A few months later I was reading Matt Kramer on Wine: A Matchless Collection of Columns, Essays, and Observations by America’s Most Original and Lucid Wine Writer. Kramer writes for Wine Spectator and is one of my favorite wine writers. To my surprise, he had written an article in which he detailed the tasting of this wine (although a different vintage) with a skeptical Burgundy shipper and how they were both amazed with the quality and value of the wine. I was ecstatic that a writer of this stature was also impressed with the wine and for the first time, I felt that maybe I was starting to get it.
Heaven on Earth: Sipping some pinot noir with my wife while looking out over the Russian River and the vineyards that surround it.
My second aha moment was a completely different circumstance. By this time I trusted my palate, but it’s always nice to have a reaffirmation of your trust. The wine in question was, ironically, another pinot noir. I thought this particular pinot was pretty good, robust for a pinot, but pretty good. You can imagine my surprise when The Wine Advocate described this wine as “pretty”. When I think of pretty, I’m thinking along the lines of Natalie Portman. This particular pinot reminded me more of Chyna, the female wrestler (although I guess that some thought her pretty, as she did pose for a particular magazine of questionable repute). This moment really stuck with me. Rather than relent that I had whiffed on describing this wine, which I would have done a few years ago, I still stick to my guns that I was accurate on my assessment.
I’m certainly not saying that I’m anywhere near the level of Matt Kramer or the tasters for The Wine Advocate. I do feel that I’m at the point where I can confidently assess a wine.

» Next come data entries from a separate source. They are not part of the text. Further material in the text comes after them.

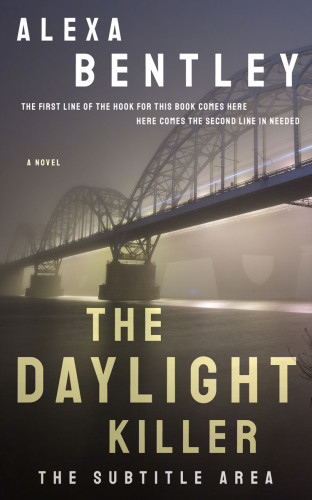 3D mockup of Tundora #8980 - Premade Mystery & Thriller & Suspense Book Cover | BookCoverZone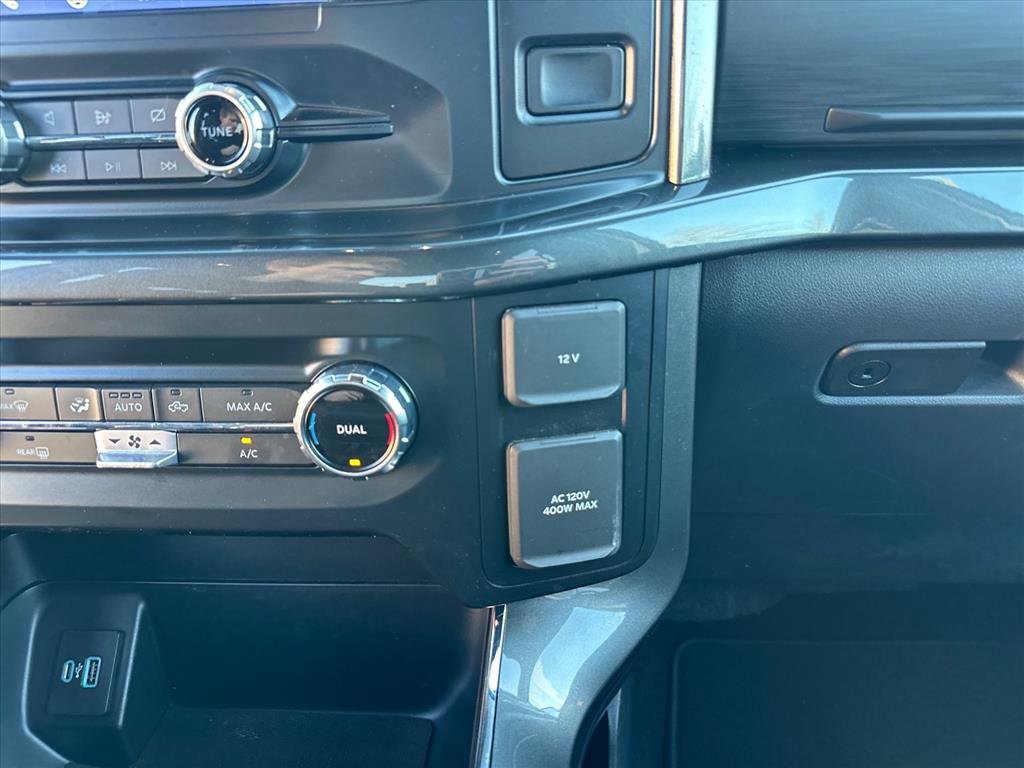 Certified 2023 Ford F150 XLT w/ Equipment Group 301A Mid image 17
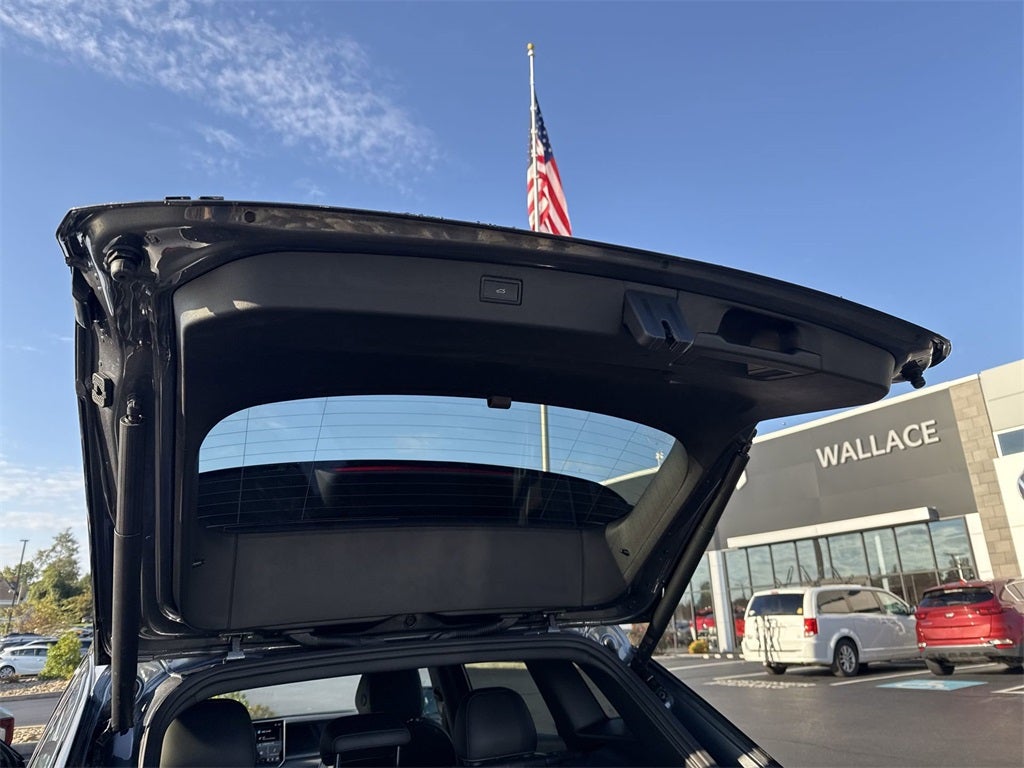 2025 Volkswagen Tiguan 2.0T SE R-Line Black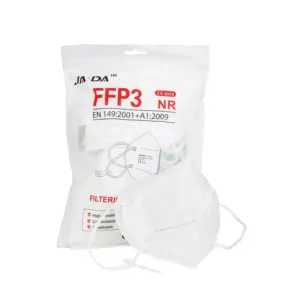 Khẩu Trang Không Dệt Ffp3 Bảo Vệ Tuyệt Vời Cho Người Lớn Khẩu Trang Ffp3 Dùng Một Lần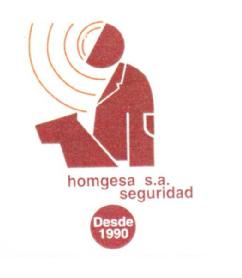 HOMGESA S.A. SEGURIDAD DESDE 1990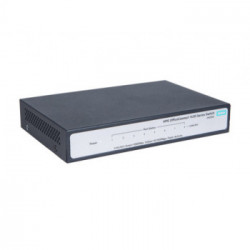Hewlett Packard Enterprise OfficeConnect 1420 8G Non gestito L2 Gigabit Ethernet (10/100/1000) 1U Grigio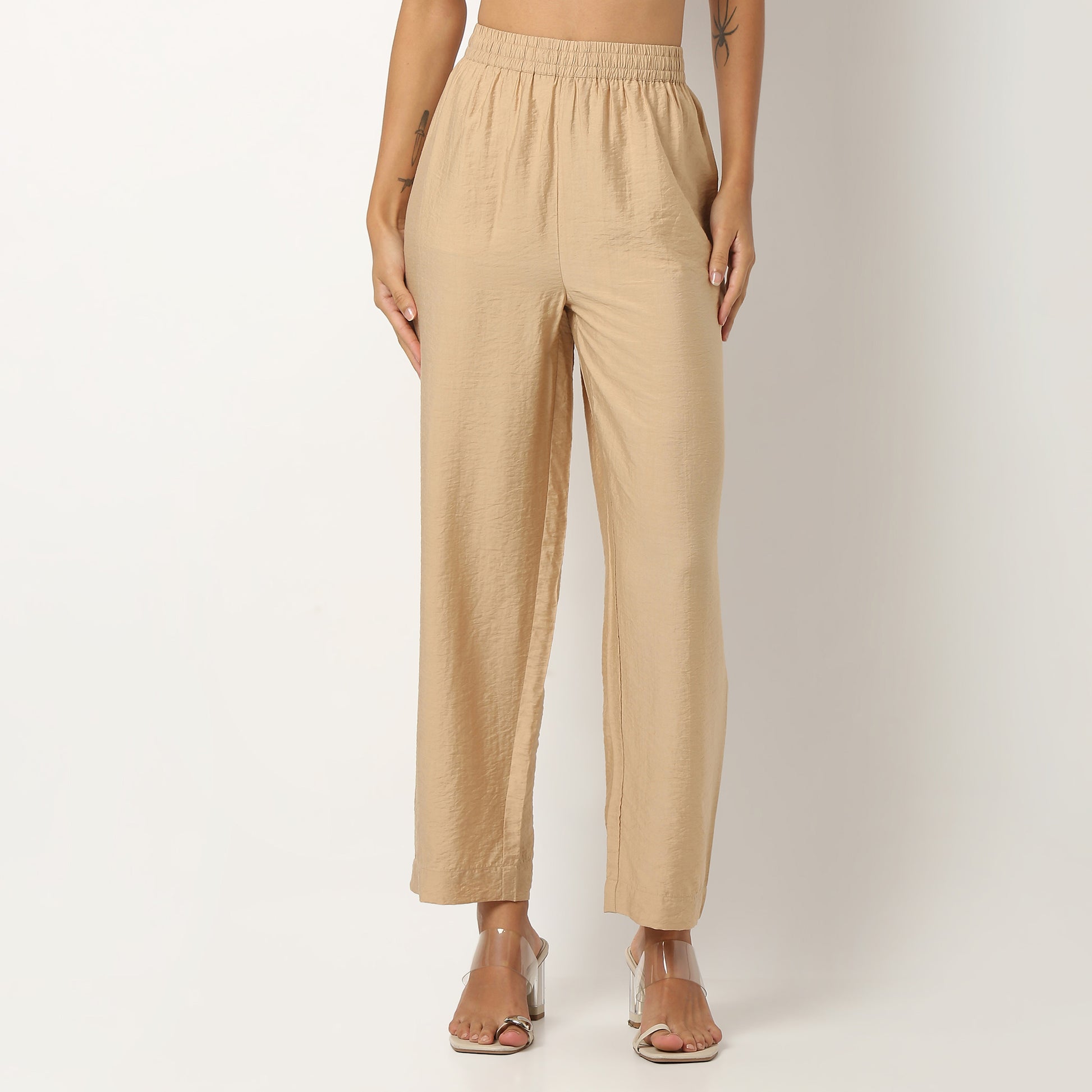 Viscose Nylon Printed Kurta Set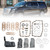 2006-2022 GMC SAVANA SIERRA YUKON/YUKON XL 6 SPEED Transmission Master Rebuild Kit 6L90 24236931 34664P Generic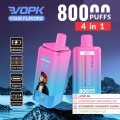 Vopk 80000 Best Discount Price Select Vape Pen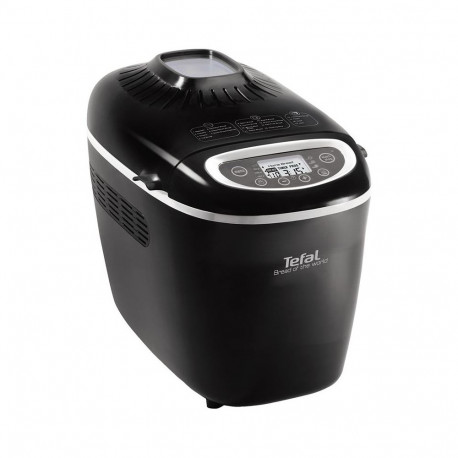 Leivaküpsetaja, Tefal, must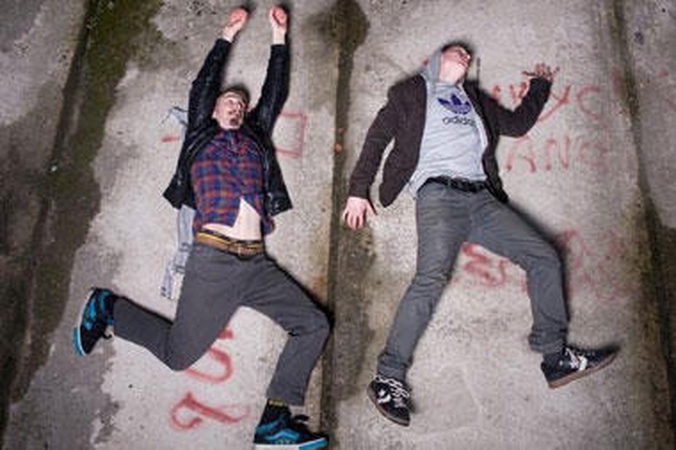 „Vans Off The Wall Music Stage“ koncertai pirmą kartą Lietuvoje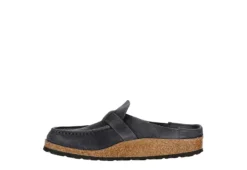 Birkenstock Womens Buckley Clog - Navy -Theydude Store US 01 105830 03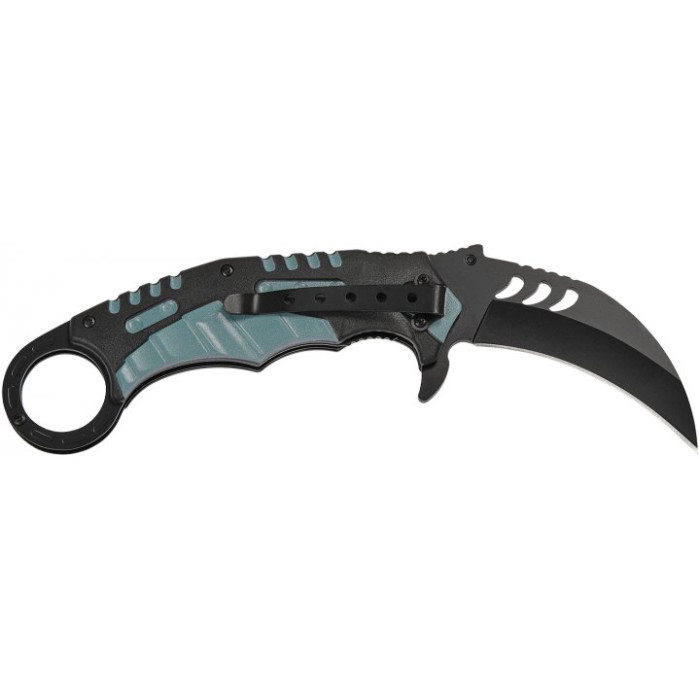 Нож Active Cockatoo black  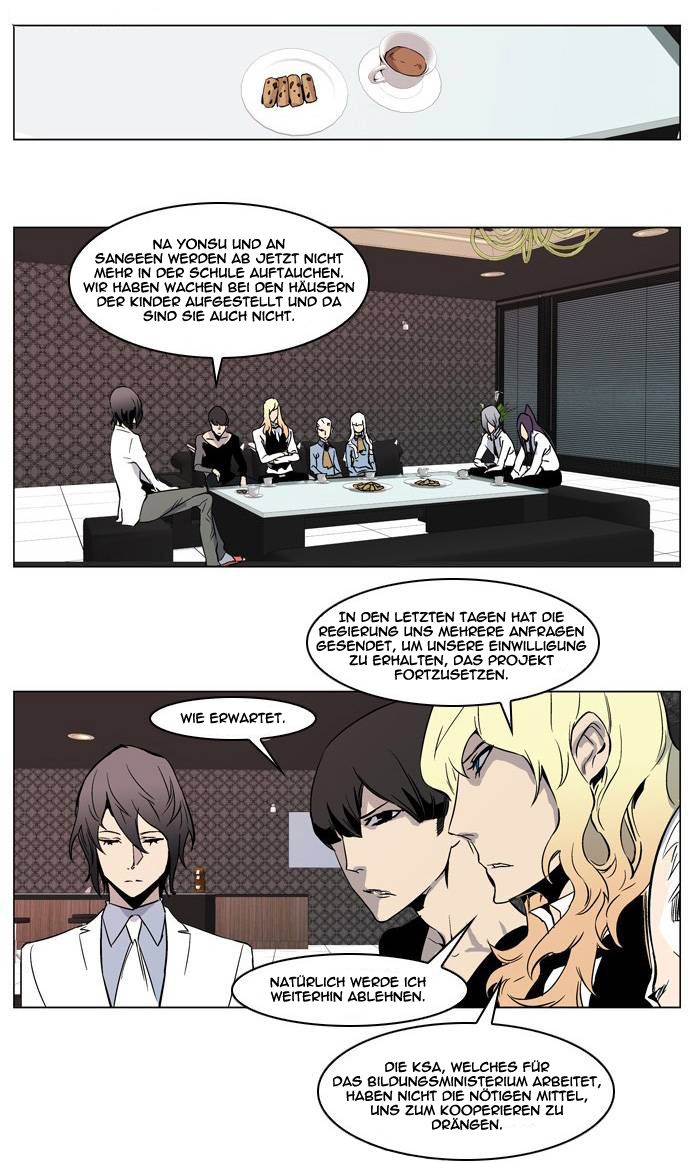 Read Noblesse DE Manga Online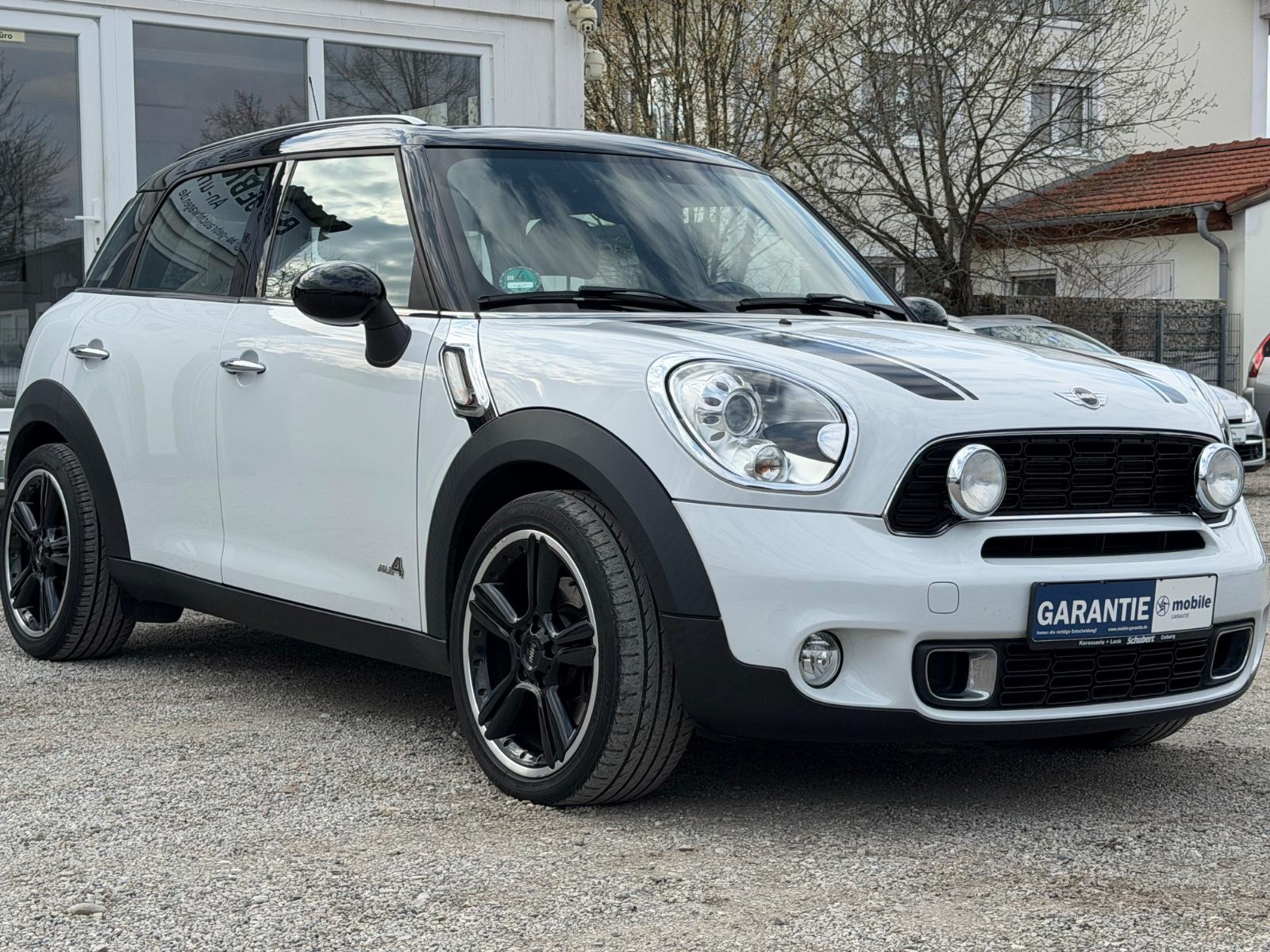 MINI COOPER_S Countryman Cooper S All4| Harman-Kardon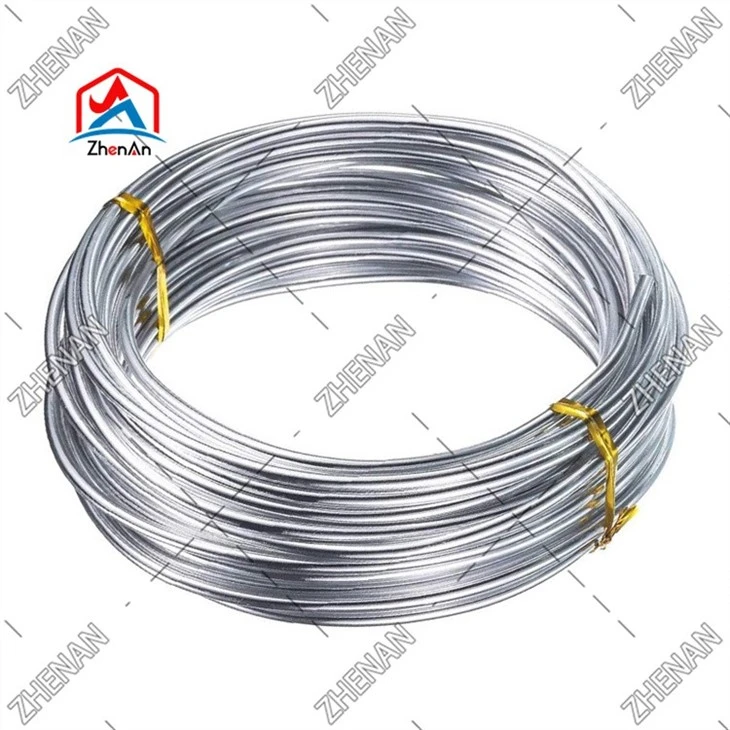 0.1mm Aluminum Wire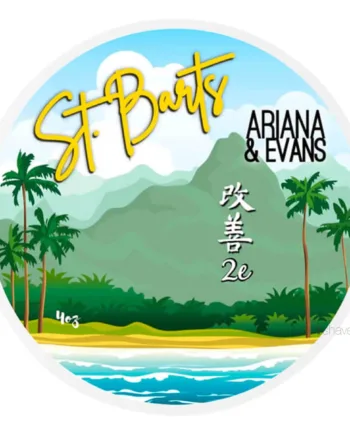 Ariana   Evans Barbersæbe  St Barts  118 Ml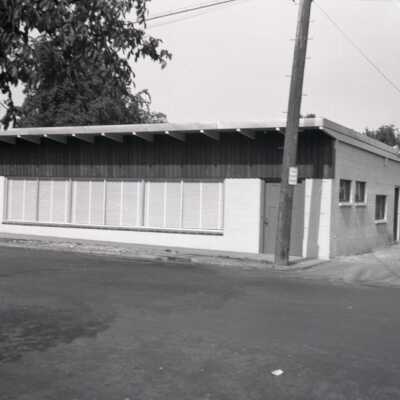 Oregon City 1950 - Mertie Stevens' Guest House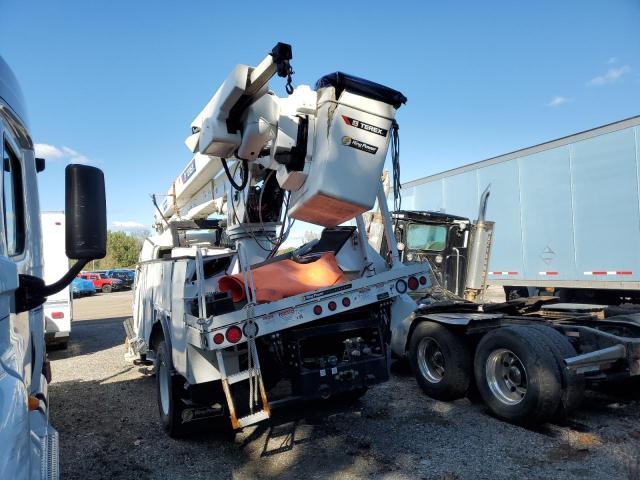 3ALDCXFCXRDUU6085 - 2024 FREIGHTLINER M2 106 MEDIUM DUTY WHITE photo 3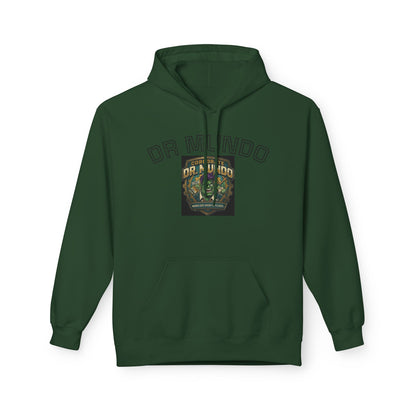 Dr Mundo Retro Arcade Hoodie league of legands— Gaming Champion Pullover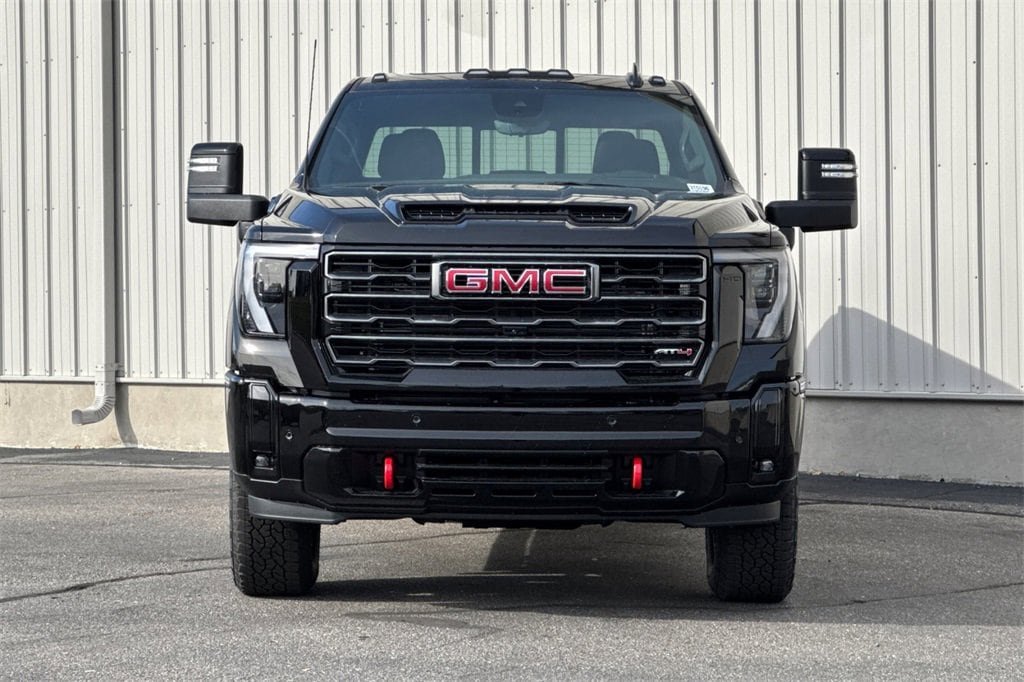 New 2026 GMC Sierra 3500 HD AT4 Truck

If you are at the point where you trust your palate, great! For those who are still trying to get there, I have two very basic pieces of advice: taste a lot of different wines and write a tasting note for each one of them. It took a lot of practice and repetition for me to get comfortable with my tasting ability and to get to the point where I could publish my thoughts for the world to see. And it sure was fun (and still is) drinking all of that wine!